— Supplied material —
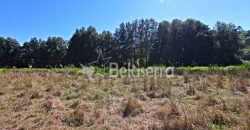 Terreno com Frente de Ribeiro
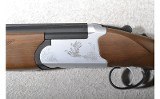 Dogsan ~ Optima ~ 12 Gauge - 9 of 10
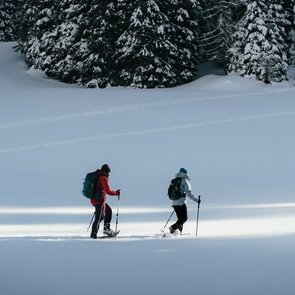 2 Schneeschuhgeherinnen auf dem Weg zum Obernberger See | © TVB Wipptal | Johannes Bitter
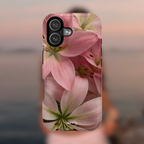 Blush Lily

— Task item —
The answer should contain all the material above, copied exactly, and no images.

— Solution to this task —
 Terreno com Frente de Ribeiro
 Dogsan ~ Optima ~ 12 Gauge - 9 of 10
 2 Schneeschuhgeherinnen auf dem Weg zum Obernberger See | © TVB Wipptal | Johannes Bitter
 Blush Lily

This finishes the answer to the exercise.